PTSD
PTSD is a severe anxiety disorder that can develop after exposure to any event which results in psychological trauma. This event may involve the threat of death to oneself or to someone else, or to one's own or someone else's physical, sexual, or psychological integrity, overwhelming the individual's psychological defenses. Because the symptoms of disorder are not as well defined as those of other an anxiety disorders, the disorder may go undiagnosed. The individual may seek relief by developing additional symptoms, such as physiological complaints (e.g., headaches, ulcers, or hypertension) or phobias, or by developing chemical dependence and abuse. Suicide attempts and intermittent psychotic episodes may occur, and problems axisting before the traumatic event, such as impulsiveness or antisocial tendencies, may be intensified.
EPIDEMIOLOGY
The number of studies have examined the prevalence of PTSD; they can be grouped into studies of community populations and studies of high-risk groups exposed to a trauma. The epidemiological studies take into account non treatment-seeking populations, since treatment-seekers are probably a typical for the disorder. For example, one researcher noted that only I out of 20 community-based cases had received psychiatric treatment.
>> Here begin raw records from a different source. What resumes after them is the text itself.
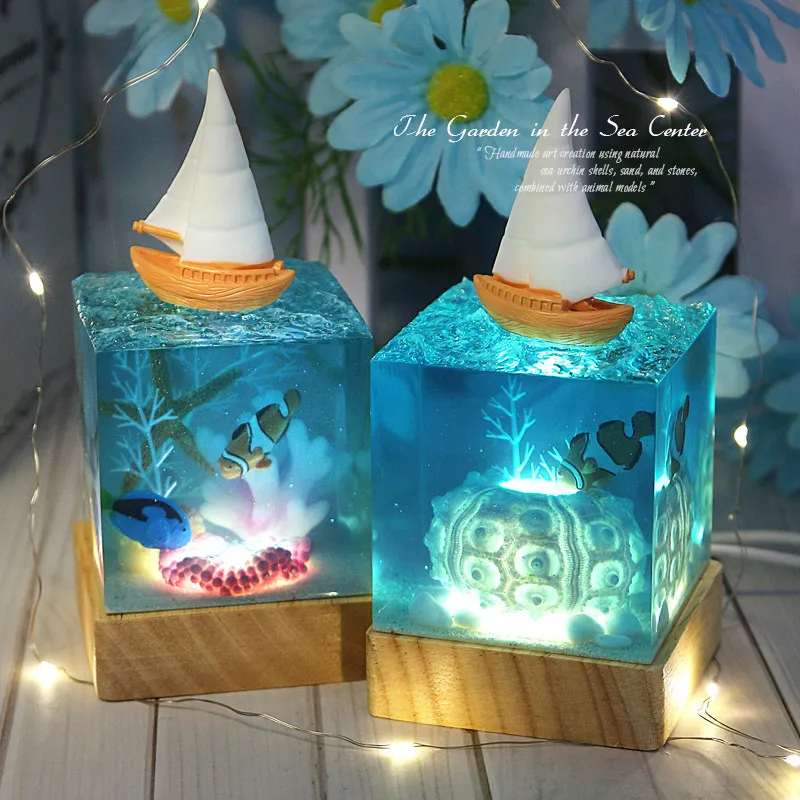 NEW Creative Ocean Whale Resin Luminescent Sculpture Handcrafted Gift USB Home Decoration Handicraft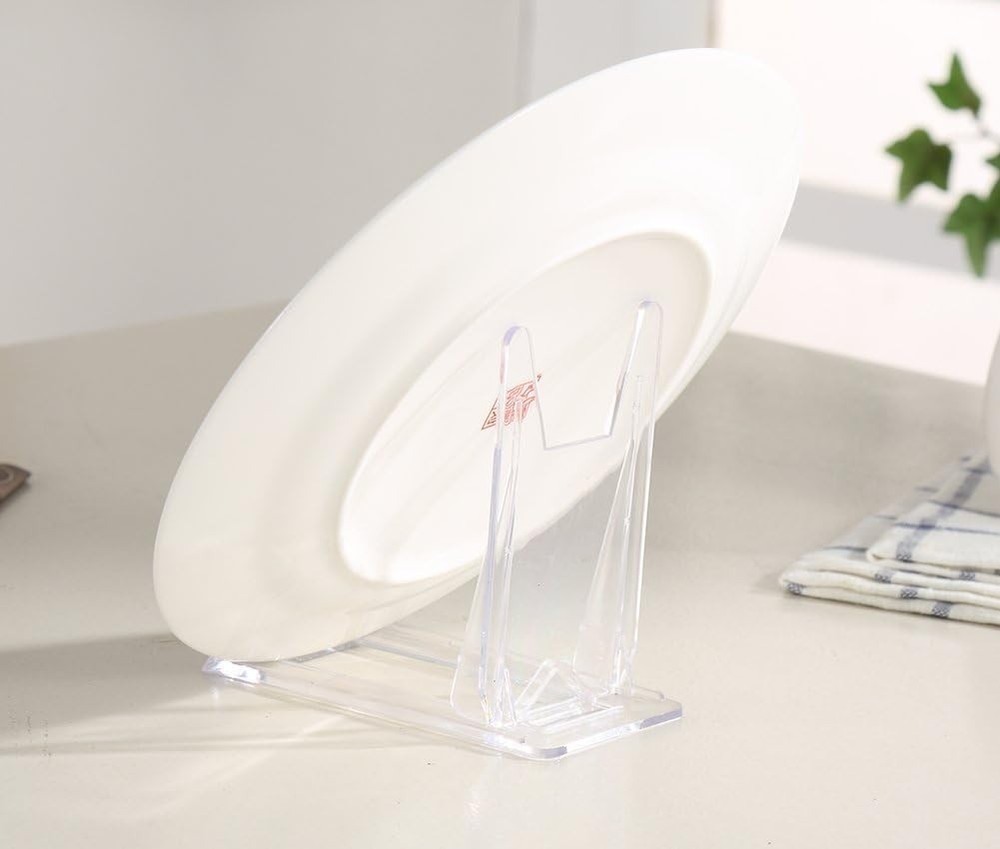 12 Pack Acrylic Book Stand Display Adjustable Clear Display Holder Easel 4.5"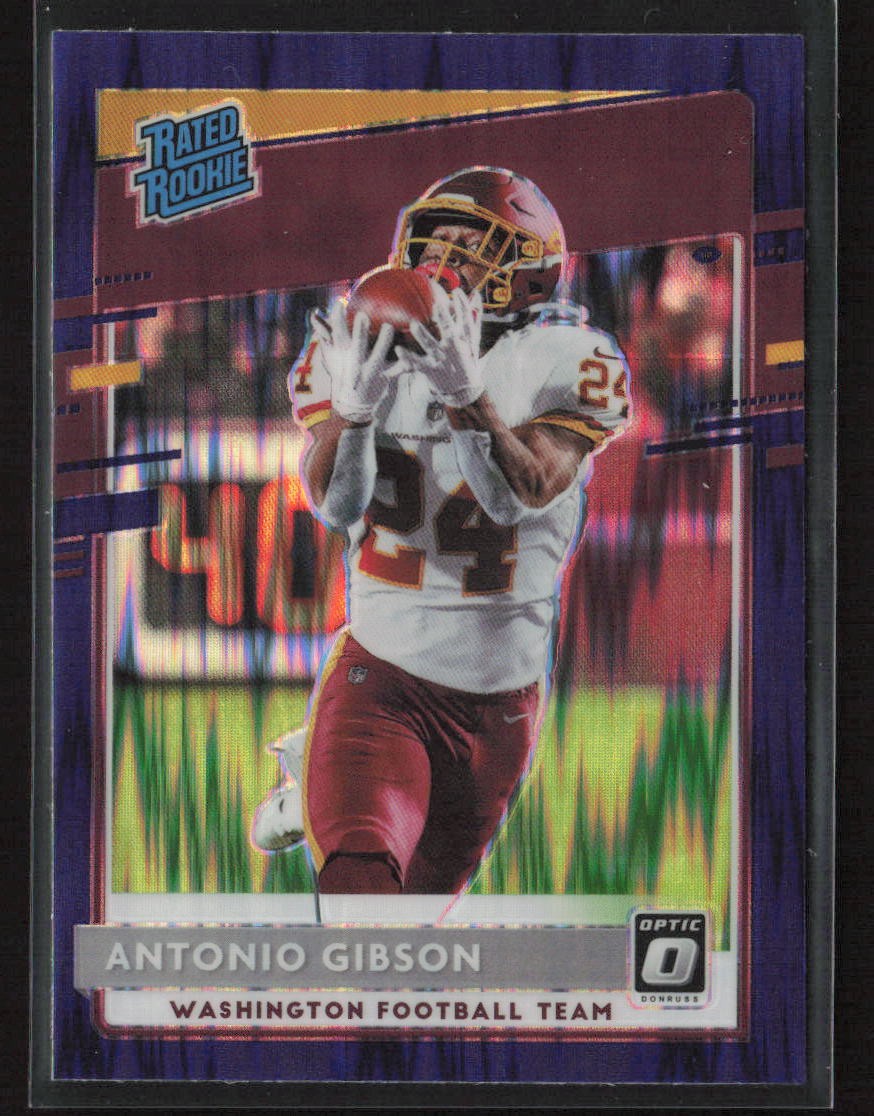 Antonio Gibson 2020 Donruss Optic #185 Purple Shock Washington Football Team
The most widely used instrument, the Diagnostiic Interview Schedule (DIS), may have underestimated the prevalence of PTSD, although a recent modification probably yields a sensitive and accurate estimate. Studies using the old version of the DIS suggest a lifetime prevalence in the 1 to 3 percent range; and additional 6 to 14 percent of the population have experienced subclinical forms of the disorder. A study using a revised version of the DIS found a 9 percent lifetime prevalence of the disorder and a lifetime 39 percent prevalence of exposure to a traumatic event.
Clearly, PTSD is common, as are traumatic stressors, using the DSM-IV definition; those events as a group are not outside normal human experience.
CAUSES
· Trauma caused by disasters such as natural disasters (earth quakes, floods, typhoons), accident, fire, witnessed the accident or suicide, death of family members or friends of a sudden.
· Trauma caused by the individual victims of interpersonal attacks like: the victim of distortions or sexual abuse, assault or physical abuse, criminal incident (robbery with violence), kidnapping, witnessed firing or being shot.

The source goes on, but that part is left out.